Titolo originale Marguerite et Julien. Drammatico (colore). Durata 110 min. Francia 2015 (Officine Ubu)
Marguerite e il fratello Julien si amano teneramente fin dalla primissima infanzia e non desiderano altro che stare l’uno accanto all’altro. Crescendo, il loro affetto si converte in un sentimento amoroso definitivo, inaccettabile per la società di ieri, come per quella di oggi. Separati più volte forzatamente, si aspettano e rinnovano ad ogni occasione la loro dedizione reciproca, fino alla decisione di fuggire in Inghilterra e vivere come coniugi sotto mentite spoglie.
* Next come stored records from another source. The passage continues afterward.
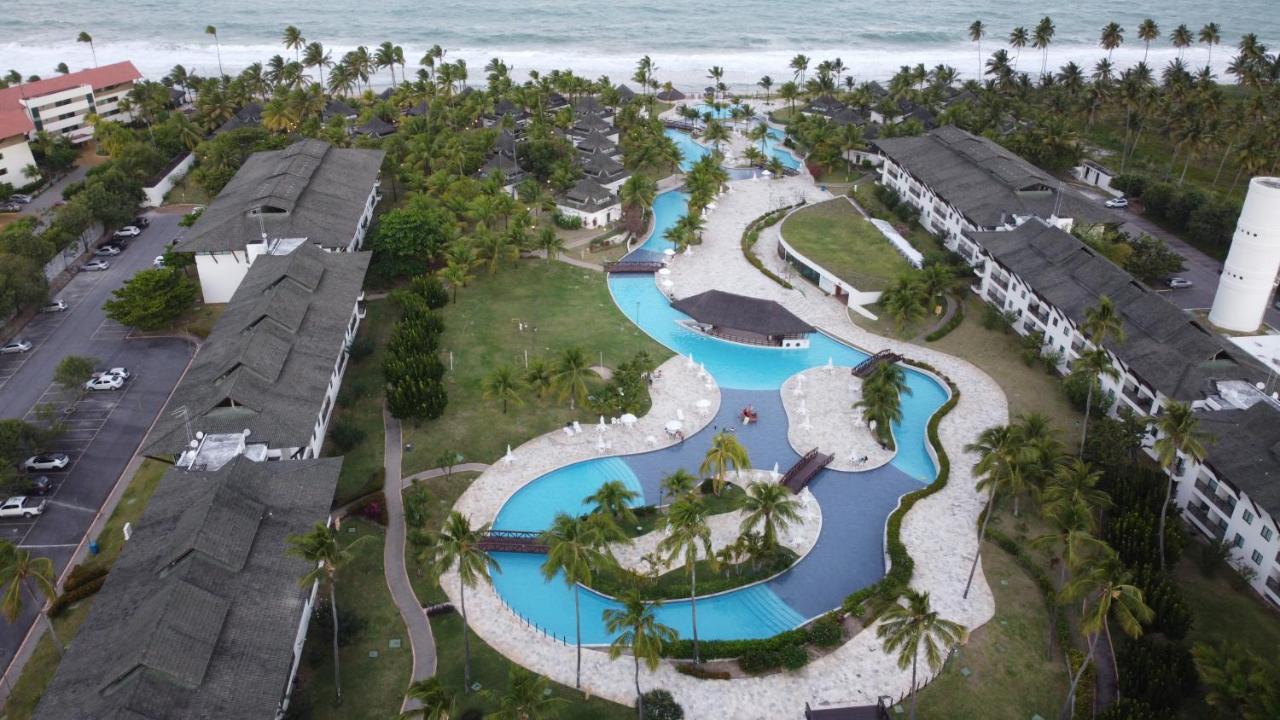 Beach Class Muro Alto Flat Porto de Galinhas Exterior photo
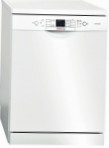 Bosch SMS 53L02 TR Stroj za pranje posuđa  samostojeća pregled najprodavaniji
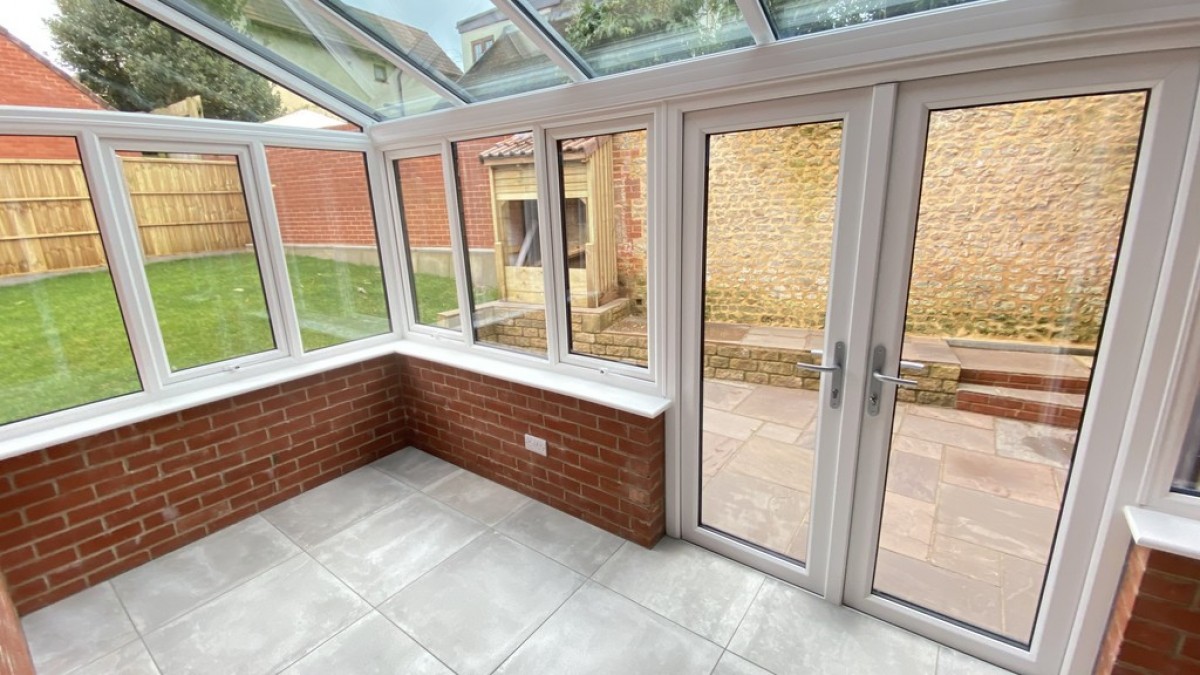 Bread Street, Warminster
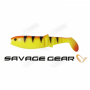Силиконова примамка - SAVAGE GEAR LB Cannibal 6.8cm 3g_Savage Gear
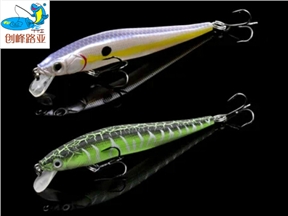 创峰路亚  CF-YL-YH-09-61118#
Per il suo quarto lungometraggio, la regista di La guerra è dichiarata riscrive con il partner di sempre, Jérémie Elkaim, la sceneggiatura stesa nel 1971 da Jean Gruault per Francois Truffaut (che abbandonò il progetto del film due anni dopo.) La storia s’ispira alla vicenda di Julien e Marguerite de Ravalet, figli del signore di Tourlaville, decapitati nel 1603 per adulterio e incesto. La Donzelli riscrive il concetto di epoca mescolandone diverse: c’è il castello secentesco (quello vero, di Tourlaville), ci sono i cavalli, ma ci sono anche le automobili, la radio, gli elicotteri, e i costumi, più che al diciassettesimo secolo, guardano decisamente all’Ottocento di Adele H., riferimento esplicito e inconfutabile del film nel suo complesso.
La regista cerca una via ibrida e nuova, che annulli i confini temporali della storia, ma incrocia troppi sentieri e finisce disastrosamente fuori strada. Wes Anderson e Charles Laughton, persino il Fritz Lang del Covo dei contrabbandieri (per la scena della fuga all’alba via mare), prestano alla Donzelli delle suggestioni comprensibili, che finiscono però per passare da un trattamento eseguito senza sufficiente lucidità di idee, che trasforma ogni cosa in kitsch senza scampo. Anche la recitazione non sa decidere tra il melodramma e la stilizzazione estrema e il risultato ha spesso l’involontario aspetto della farsa. Per non dire, infine, dell’epilogo, che parla un’altra lingua ancora, e siamo felici di non averla compresa.